Mardi 18 mai, une vingtaine de dirigeants africains se sont réunis à Paris avec plusieurs de leurs homologues européens et une dizaine de directeurs généraux d’organisations internationales pour un sommet sur le financement des économies africaines et l’impact de la pandémie Covid-19.
L’objectif du sommet, selon son organisateur, le président français Emmanuel Macron, est de mobiliser des ressources financières pour relancer l’économie des pays africains, qui totalisent 130000 décès de Covid-19 sur plus de 3,3 millions de décès et 162 millions de cas. enregistré dans le monde entier le 16 mai 2021.
D’après ces chiffres, la situation de l’Afrique n’est pas pire, mais il y a la crainte que, compte tenu de la faiblesse de ses systèmes de santé et de ses ressources insuffisantes, la situation pourrait s’aggraver.
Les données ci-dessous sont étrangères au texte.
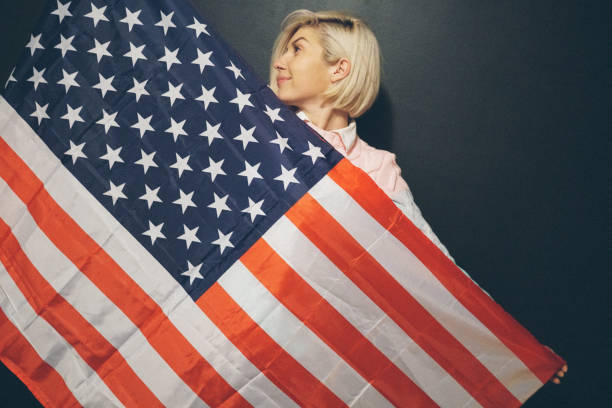 istock Blonde girl with USA flag 648608916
Il est également prévu que le PIB de l’Afrique pourrait connaître sa première récession en 25 ans en 2021.
Le sommet de Paris qui devait se tenir en 2020 sans la pandémie sanitaire a suivi la déclaration des dirigeants européens du 15 avril 2020 appelant à la mobilisation de la communauté internationale pour faire face aux conséquences de la crise sanitaire et économique provoquée en Afrique par la pandémie.
La France propose donc de réaffecter les droits de tirage spéciaux (DTS) du Fonds monétaire international (FMI) à l’Afrique en tant qu’instruments de change pouvant être utilisés pour financer les importations. Les 650 milliards de dollars de DTS que l’institution de Bretton Wood prévoit d’émettre en juin, dont 34 milliards de dollars pour l’Afrique et 24 milliards de dollars pour l’Afrique subsaharienne, sont jugés insuffisants, de sorte que le président Macron propose un «New Deal» pour aider les pays africains.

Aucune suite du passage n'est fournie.